I am guilty of having forced this in the past. The business unit in charge of maintaining a certain field asset (the case I am thinking of now was a utility’s distribution substations) wanted to implement a simple system from a vendor that was designed just for the purpose of inspecting this asset. The form had the nomenclature right, their consultants knew the needs of our departments’ people, and they could move NOW. They felt they had a win/win.

In IT, we were aghast that they wanted to blunder forward with this simplistic system. We already had what we felt was appropriate software as part of our ERP system! We envisioned a large and steady implementation of mobility through our many different types of assets. Why on earth should we be forced to maintain this poorly made, simplistic system just for one department?

We (IT) won. We (company) lost. Many years have passed and the inspections are still handled by paper.

Standard Battle Parameters

Here are the opposing forces:

  • Central Planning: Great in theory, we all want an integrated, homogenous system that efficiently meets all needs. In practice, think of the success of Central Planning in the USSR.
  • Independent Departmental Action: Business departments love the simplistic and targeted cloud solutions that allow them to bypass IT and get things done. They can move and quickly implement new technologies. In practice, think of the success of Afghan warlords in national building.
  • Finance: The increasing focus on mobility has brought the development of a mobile component being built into every ERP system or large business system. In many cases, this is already ‘owned’ by the company. So now the question comes, do you implement software ‘because it is free’, or is it less expensive to implement purpose-built mobility that is much faster and less expensive to implement and provides additional benefits?

A Different Viewpoint

The world has changed.
I remember when laptops were first put in trucks. Some of the problems include screen damage caused by screwdrivers as our technicians rebelled at the new technology and made sure that we knew that the expensive ruggedized laptops were not rugged enough.
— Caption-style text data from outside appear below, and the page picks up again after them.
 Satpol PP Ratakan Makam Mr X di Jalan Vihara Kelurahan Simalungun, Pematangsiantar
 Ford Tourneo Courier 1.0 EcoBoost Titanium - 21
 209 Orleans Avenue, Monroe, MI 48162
Years later, we succumbed to pressure to purchase Microsoft Office for these travelling laptops as the then current user demanded the capabilities they had at home or in the office.

Universally, everyone is used to carrying around a relatively expensive device in their pocket. This device has a lot of capabilities, and keeps improving. This device communicates, takes pictures, provides geospatial information, gives travelling directions, records sound, and provides various types of measurements (try an internet search on ‘what can an iPhone measure.’)
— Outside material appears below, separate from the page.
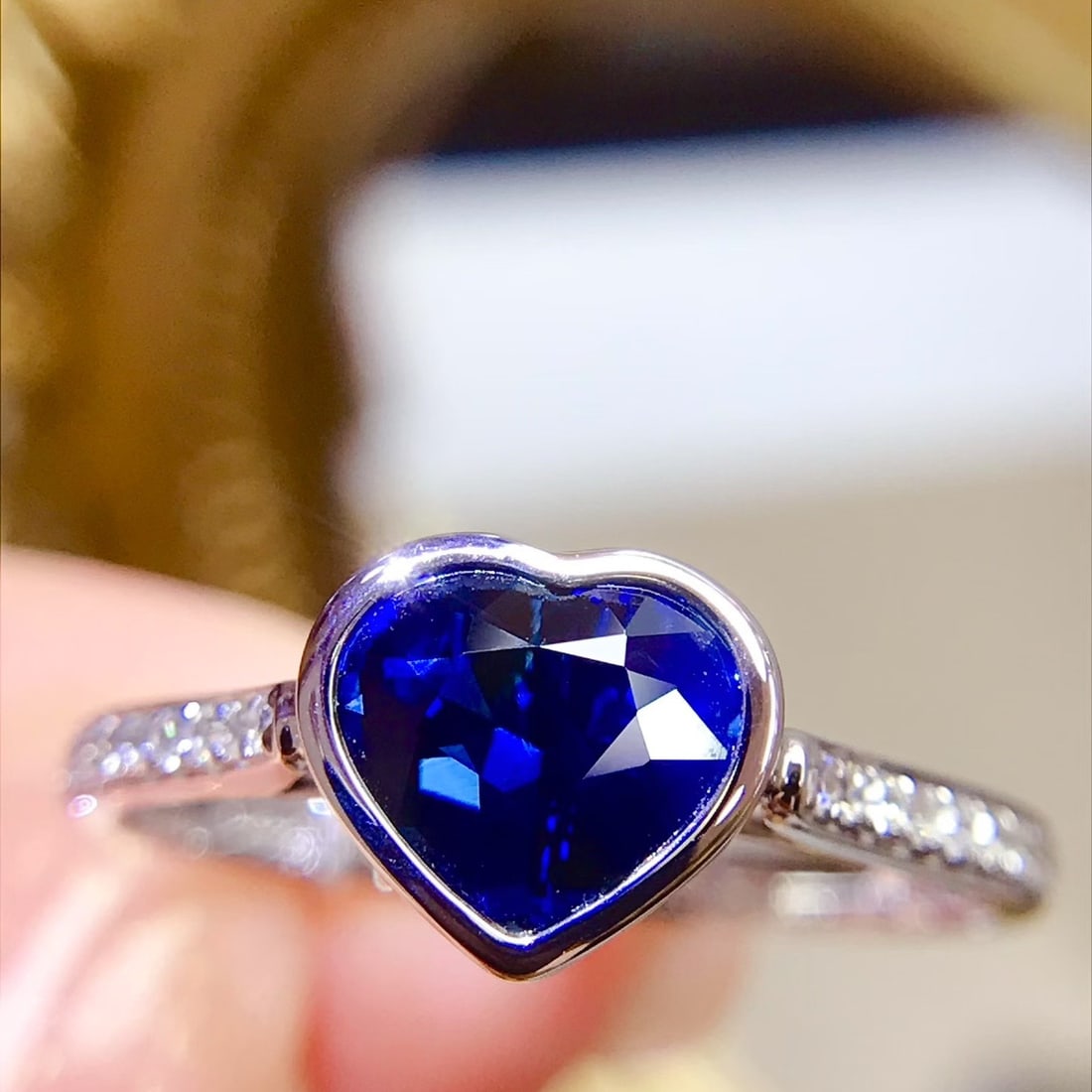 14k Gold 1.43 Ctw Vivid Blue Natural Sapphire & Diamond Ring - 3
And, it keeps improving. Instead of focusing on large business wide systems with their road map of slow and expensive upgrades, why don’t we take advantage of the quick progression of these ubiquitous tools?

Focus on the mobile user and the application of the tools that your field people use. Each business department has different forms, logic and business rules for a purpose. The Mobility solution MUST include the native flexibility to allow these to be easily configured in, and also to be rapidly changed so upgrading to new business practices or technology changes can be easily accomplished. Appropriate integrations to existing or new business systems need to be developed (but over-complicating these will reduce the future-proofing of the solution.)

Opening our eyes to the merger of consumer and business technology allows us to take advantage of the technology successes of the world. But, it means we no longer slowly spread our large systems through all aspects of the enterprise. Putting in a focus on mobility provides flavor chunks that will ease implementations, reduce costs, and take advantage of pervasive yet inexpensive technologies and future proofing our capabilities.